St. Michael’s Church must be one of renowned Slovenian architect Jože Plečnik’s most impressive creations. Built between 1937 and 1940, its construction was limited by a tight budget, and it’s said that some local farmers had to donate wood in order for it to be completed. Still, as is plainly visible, Plečnik’s creative vision wasn’t hindered. The impressive wooden interior is only open to visitors on weekends by appointment. 

St. Michel's Church by Kevin Ducheyne
St. Michel's Church by Kevin Ducheyne
A brutalist church in Vienna

Wotruba Church was designed by architect Fritz Wotruba in 1976. For church-goers this is a place of solitude and spiritualism, while artists treasure this as a gem of brutalist abstract art – a pile of 152 blocks with no apparent symmetry somehow creating a harmonious whole.

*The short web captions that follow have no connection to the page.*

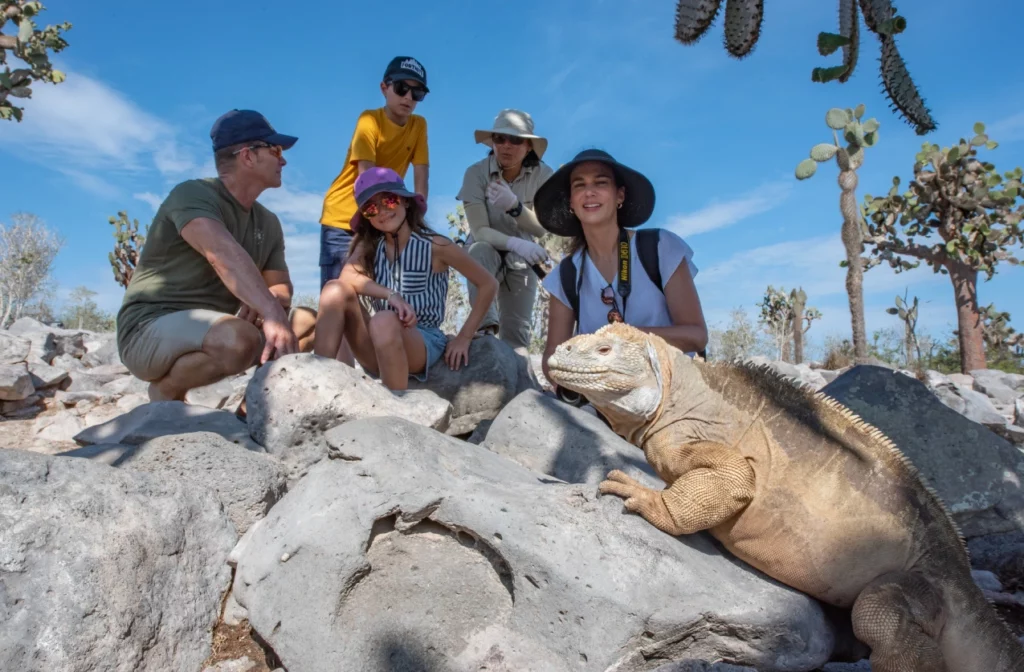Galapagos luxury cruise guests observe land iguana on Santa Fe Island aboard Yacht La Pinta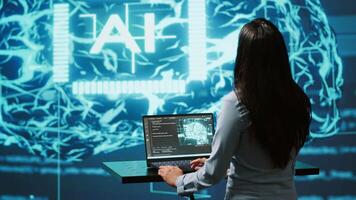Computer scientist in startup doing advancements in AI field. Woman working on laptop in cutting edge workspace featuring artificial intelligence and neural network systems, camera A video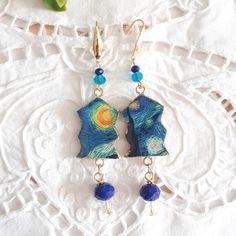 Van Gogh, Starry night, Long earrings with famous painting, art commission preppy jewelry. These earrings represent the famous painting of Vincent Van Gogh "The Starry night". They belong to the art commission/museum collection and they are totally handmade in resin and paper. These are pendant  preppy earrings in the tone of blue and gold and could be a All Museum jewels are lightweight and unique. They identify your personality, while representing your passions. EARRINGS ALSO AVAILABLE WITH CL Artistic Enamel Earrings, Artsy Blue Earrings With Artistic Design, Artsy Blue Art For Collection, Resin And Paper, Preppy Earrings, Gogh The Starry Night, Preppy Jewelry, The Starry Night, Starry Night Van Gogh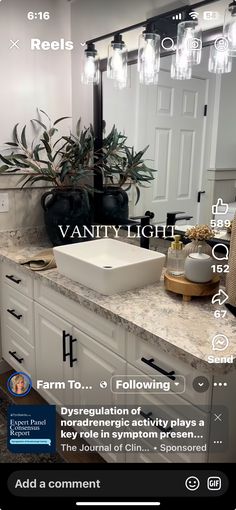 an image of a bathroom with vanity lights on the mirror and sink in front of it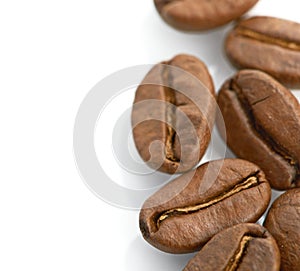 Macro of coffee beans on white background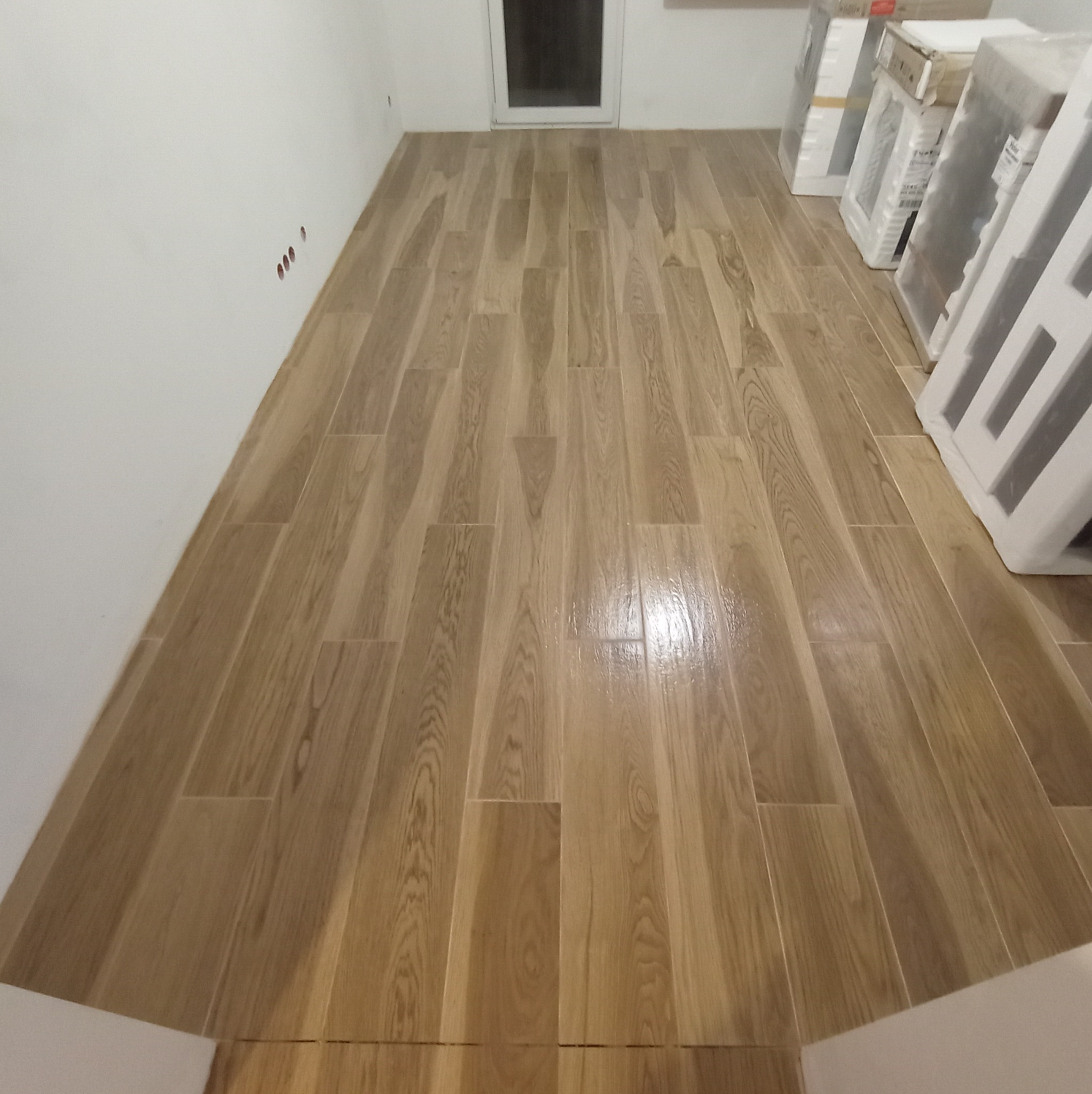 Ułożona podłoga z paneli imitujących drewno w jasnym odcieniu. Widoczne białe ściany i zapakowane materiały budowlane. Perspektywa z dołu podkreśla długość pomieszczenia.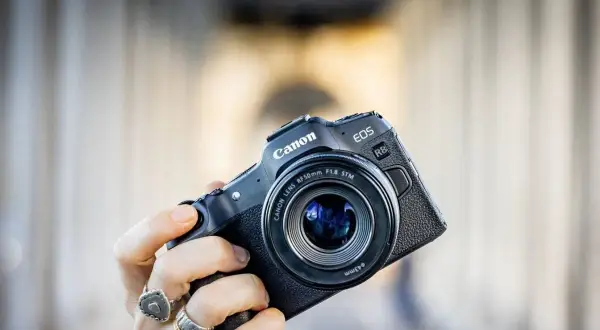 Mano che tiene una fotocamera Canon EOS R8 con obiettivo 50mm f/1.8 STM. Un modello compatto, ideale per chi cerca la qualità di un sensore canon apsc.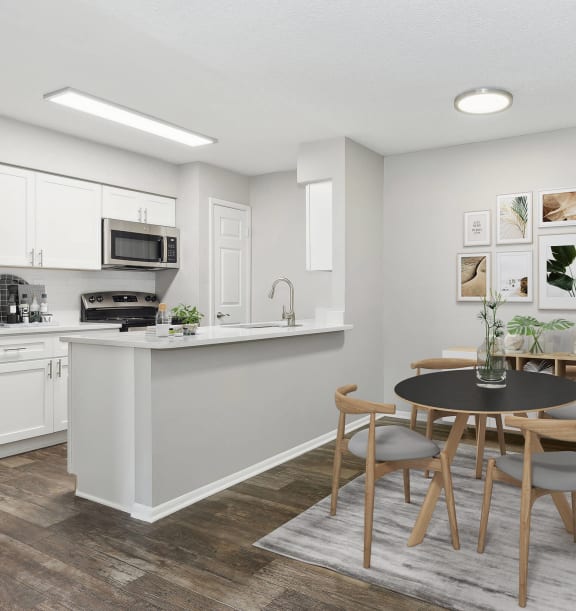 Model Dining Room with Wood-Style Flooring and View of Kitchen at Grand Pavilion Apartments in Tampa, FL-WELCOME.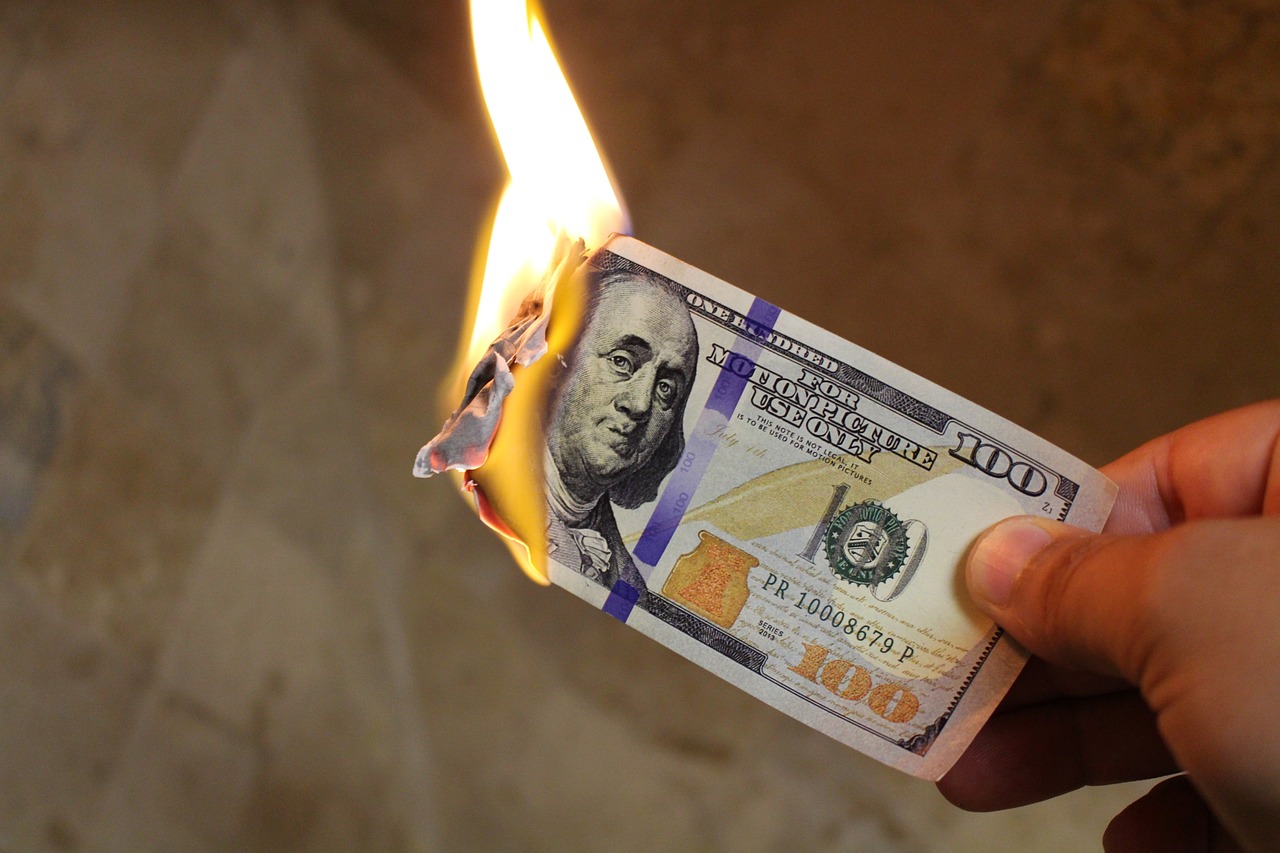 burning money, dollars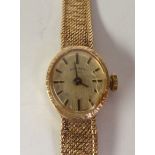 LADY’S 9CT GOLD ROTARY WRISTWATCH, silvered oval dial with batons, 17 jewel mechanical movement,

The building is located relatively far from the city centre, but is worth a visit. Aside from the viewing pleasure (and photo ops), there are parks as well as an open-air planetarium nearby. 

Wotruba Church by ThomasLedl (CC BY-SA 3.0AT)
Wotruba Church by ThomasLedl (CC BY-SA 3.0AT)
Malmö’s other tower

Malmö’s skyline is dominated by the impressive Turning Torso (see header image), but Hyllie Vattenpark is not far behind. This large 62-metre-tall water tower that resembles a parked UFO marks the spot of a water playground for all the family, with 8 stations that show how water can be used and the intricacies of hydrodynamics. Activities and attractions include channels, pipes, a “water workshop” and even a surprise fountain. 

Hyllie Vattenpark by Karolina Górska
Hyllie Vattenpark by Karolina Górska
A straight forward advertisement in Copenhagen

In this otherwise architecturally mundane area of Copenhagen you’ll find an ordinary beer bottle - only about a hundred times larger than usual. The 26-metre-tall Tuborgflasken was built back in 1888 when emblematic Danish beermaker Tuborg sold its first bottle of beer. Despite its age, it is well preserved and gives smiles to the people passing it by. If you’re lucky, you might even find the door at its base unlocked... 

Tuborgflasken by Alex Berger
Tuborgflasken by Alex Berger
Gaudi meets the Smurfs in Geneva

Built between 1982 and 1984 by three architects working together and inspired by Gaudí and actual Smurf houses, these colourful residences today house around 750 families. The Immeubles Schtroumpfs complex doesn’t lack in amenities, with services including a dental clinic and a kindergarten, all surrounded by trees and playgrounds. Local András loves taking people visiting him in Geneva to this bit of “organized chaos”, as he calls it.